Photos and reporting by Stacie Joy
Last week, EVG reader (and parent of Miss Kita the Wonder Dog) Jose Garcia messaged the site and offered to do a Costco run with his husband to purchase supplies for the asylum seekers temporarily housed at the former St. Brigid School.
So the three of us (Kita stayed home) spent this past Sunday afternoon trying to find inexpensive sandals, shoes, T-shirts, underwear, and socks at the 125th Street Costco location.
At that point, Sunday's site supervisor came out and yelled at me, "You can't do this! You just can't do this! You have to stop!" The previous clothing drive had ongoing issues: fights between city employees and the state Assemblymember's office that led to someone calling the police. And problems working with all the different abbreviated groups inside the center: OEM, NYCEM, MedRite and the Mayor's Office.
There isn't a clear chain of command and no transparency. Despite clear and visible proof that the city needs help, they do not appear keen on accepting it. Some site staffers report being reprimanded for accepting donations or assisting with providing aid.
Signs went up at the center announcing that visitors and donations (not to mention weapons) were not permitted inside the school. Tuesday's distribution ran more smoothly, primarily due to cooperation carefully forged and negotiated with the new MedRite site supervisor and a team of East Village volunteers who spent some sweaty hours sorting clothes and supplies and helping distribute them to those in need.
It was a successful event, and people could source most of what was needed.

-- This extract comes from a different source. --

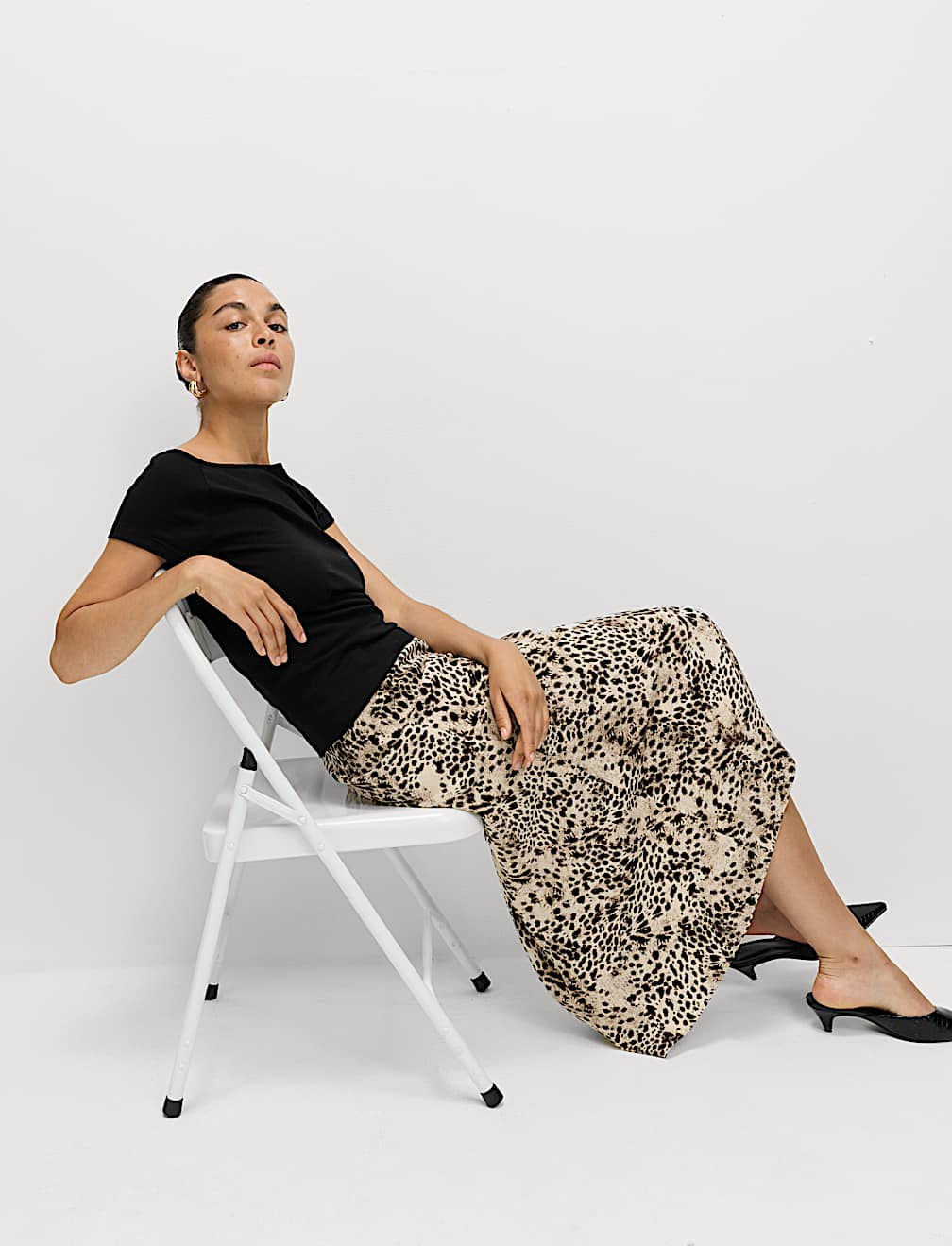 Animal Print Maxi Slip Skirt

I was told there were 237 people inside at the time of distribution (maximum capacity is 350), and I guestimate we saw about 150 of them in line for supplies.
During Tuesday's volunteer distribution, NYC Mesh and Verizon both showed up (again), offering free Wi-Fi installation for the site — a crucial need for the asylum seekers eager to be able to contact loved ones. But the NYC Mesh and Verizon reps were turned away (again), with officials citing something about "proper procedure" and a need for authorization.
However, it's unclear just who authorizes this (or anything) at this respite center. A rep from the city's IT team was onsite as a volunteer, and she is trying some outreach, and we are trying to establish a pipeline with the Mayor's Office. Meanwhile, Father Seán Connolly from St. Brigid's/St. Emeric on Avenue B and Eighth Street wrote a letter requesting access to install equipment.
An official "from immigration" was onsite Tuesday asking asylum seekers in line if they want to be sent to Albany or points north with the same offer as before (housing, beds, a shower, working papers and a job). However, word is spreading that this may not be factual. I didn't see anyone taking them up on the offer.
We had supplies left over that were slated for the Police Academy Gym site on 21st Street (another local Respite Center). Still, we couldn't get any cooperation between that site supervisor or workers at the location. Officers from the 9th Precinct tried to assist with the delivery, but they, too, were rebuffed. After several frantic calls, we found a home for the donated items at the Delancey Spanish Seventh-day Adventist Church on Forsyth Street, which will pass them on to the unhoused locals they work with.
If you’d like to donate or volunteer, another drive is scheduled today (June 8) from 3 to 5:30 p.m. Please just show up at 107 Avenue B at Seventh Street to volunteer or to drop off selected merchandise: men's pants, shorts, and sweats are especially in need. And, as always, chancletas in all sizes. New boxers-briefs, backpacks, and jackets/sweaters are also highly requested.
While volunteers are needed to sort the new donations at 107 Avenue B, there may not be an outdoor distribution if the smoky conditions remain.